L’Association Restauration Québec (ARQ) salue ces initiatives. S’il admet qu’une telle implication de la part d’un distributeur peut paraître inusitée, François Meunier, vice-président aux affaires publiques de l’ARQ, souligne qu’il y a « une solidarité dans l’industrie ». « On est tous dans le même bateau », dit-il, ajoutant que Service alimentaire Gordon, un autre distributeur, avait contribué aux collectes de fonds organisées par l’ARQ.

Rappelons que plusieurs propriétaires du centre-ville de Montréal ont manifesté en début de semaine, car ils n’avaient toujours pas reçu d’aide de Québec alors que le gouvernement a prolongé la fermeture des salles à manger situées en zone rouge jusqu’au 11 janvier.

M. Meunier, à l’instar de bien des propriétaires et des chefs interrogés par La Presse, a du mal à imaginer que les restaurants puissent rouvrir à cette date. « Je n’ai pas de boule de cristal, mais à voir les chiffres aller, je serais bien étonné. Il y a beaucoup de restaurants qui ne sont pas nécessairement intéressés à ouvrir le 11 janvier. Janvier et février, ce ne sont pas des mois intéressants pour l’industrie. »
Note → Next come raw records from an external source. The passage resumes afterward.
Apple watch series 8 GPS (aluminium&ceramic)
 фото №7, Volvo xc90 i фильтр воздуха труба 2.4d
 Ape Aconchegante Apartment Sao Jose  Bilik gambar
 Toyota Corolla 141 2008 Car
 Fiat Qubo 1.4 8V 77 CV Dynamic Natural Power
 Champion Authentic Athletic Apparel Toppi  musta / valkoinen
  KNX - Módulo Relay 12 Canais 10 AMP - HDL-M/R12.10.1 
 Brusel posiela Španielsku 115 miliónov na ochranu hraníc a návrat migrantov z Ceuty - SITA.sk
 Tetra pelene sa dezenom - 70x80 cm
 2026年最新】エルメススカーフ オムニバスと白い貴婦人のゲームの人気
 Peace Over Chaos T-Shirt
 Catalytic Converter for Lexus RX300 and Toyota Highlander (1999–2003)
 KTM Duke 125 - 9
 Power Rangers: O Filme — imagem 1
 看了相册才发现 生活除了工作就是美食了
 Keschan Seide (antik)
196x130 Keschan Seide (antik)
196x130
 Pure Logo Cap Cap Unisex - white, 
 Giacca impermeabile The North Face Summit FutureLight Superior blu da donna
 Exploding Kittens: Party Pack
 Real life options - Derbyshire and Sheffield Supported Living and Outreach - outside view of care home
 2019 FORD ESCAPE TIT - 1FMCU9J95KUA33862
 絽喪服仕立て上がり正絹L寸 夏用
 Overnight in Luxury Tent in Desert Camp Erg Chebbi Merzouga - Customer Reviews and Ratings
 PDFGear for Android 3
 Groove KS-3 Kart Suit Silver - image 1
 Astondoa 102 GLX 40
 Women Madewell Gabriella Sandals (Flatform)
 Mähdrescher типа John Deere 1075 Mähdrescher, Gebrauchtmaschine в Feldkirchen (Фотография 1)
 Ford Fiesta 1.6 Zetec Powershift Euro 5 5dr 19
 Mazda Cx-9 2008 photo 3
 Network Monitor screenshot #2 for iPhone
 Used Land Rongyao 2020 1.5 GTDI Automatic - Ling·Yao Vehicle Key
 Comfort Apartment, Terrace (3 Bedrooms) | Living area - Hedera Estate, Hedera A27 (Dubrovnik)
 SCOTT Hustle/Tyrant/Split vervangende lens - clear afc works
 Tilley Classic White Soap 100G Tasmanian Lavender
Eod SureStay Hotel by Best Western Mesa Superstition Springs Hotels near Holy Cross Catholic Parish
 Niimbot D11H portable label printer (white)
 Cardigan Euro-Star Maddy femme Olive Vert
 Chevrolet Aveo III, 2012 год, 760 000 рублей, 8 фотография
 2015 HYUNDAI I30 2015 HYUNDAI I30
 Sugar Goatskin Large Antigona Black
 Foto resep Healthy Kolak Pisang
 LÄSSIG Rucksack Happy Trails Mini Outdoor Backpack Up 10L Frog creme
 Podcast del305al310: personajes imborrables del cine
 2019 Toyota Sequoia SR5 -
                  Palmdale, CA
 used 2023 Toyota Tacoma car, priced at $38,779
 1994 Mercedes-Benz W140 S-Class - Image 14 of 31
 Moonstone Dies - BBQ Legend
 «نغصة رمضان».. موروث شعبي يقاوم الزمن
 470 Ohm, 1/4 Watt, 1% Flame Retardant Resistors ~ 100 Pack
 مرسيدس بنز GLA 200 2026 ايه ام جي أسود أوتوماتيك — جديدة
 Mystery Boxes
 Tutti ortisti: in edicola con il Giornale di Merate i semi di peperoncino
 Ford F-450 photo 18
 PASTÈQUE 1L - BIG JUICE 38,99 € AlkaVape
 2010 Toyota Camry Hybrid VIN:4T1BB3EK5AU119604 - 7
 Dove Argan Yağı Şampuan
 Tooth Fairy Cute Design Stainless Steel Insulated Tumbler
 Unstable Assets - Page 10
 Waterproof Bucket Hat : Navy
Les producteurs de veaux crient à l’aide

Par ailleurs, la fermeture des restaurants et le ralentissement des activités dans le secteur touristique affectent également les producteurs de veaux de lait qui demandent de l’aide directe au gouvernement. « Dans son enquête, le Centre d’études sur les coûts de production en agriculture démontre que les pertes subies par les fermes s’élèvent à 11 % par animal vendu depuis sept mois », pouvait-on lire dans le communiqué de presse diffusé jeudi par Les Producteurs de bovins du Québec (PBQ). « Dans le secteur des viandes bovines, il n’est pas rare que les marges des producteurs soient d’environ 1 %. La situation actuelle est si critique que des producteurs de veaux de lait se questionnent sérieusement sur la viabilité de leur entreprise à très court terme », affirme Jean-Thomas Maltais, président des PBQ. Les producteurs réclament l’équivalent de 121 $ par veau mis en marché entre le 1er avril et le 31 décembre 2020, car ceux-ci ont été vendus à perte, soutiennent-ils.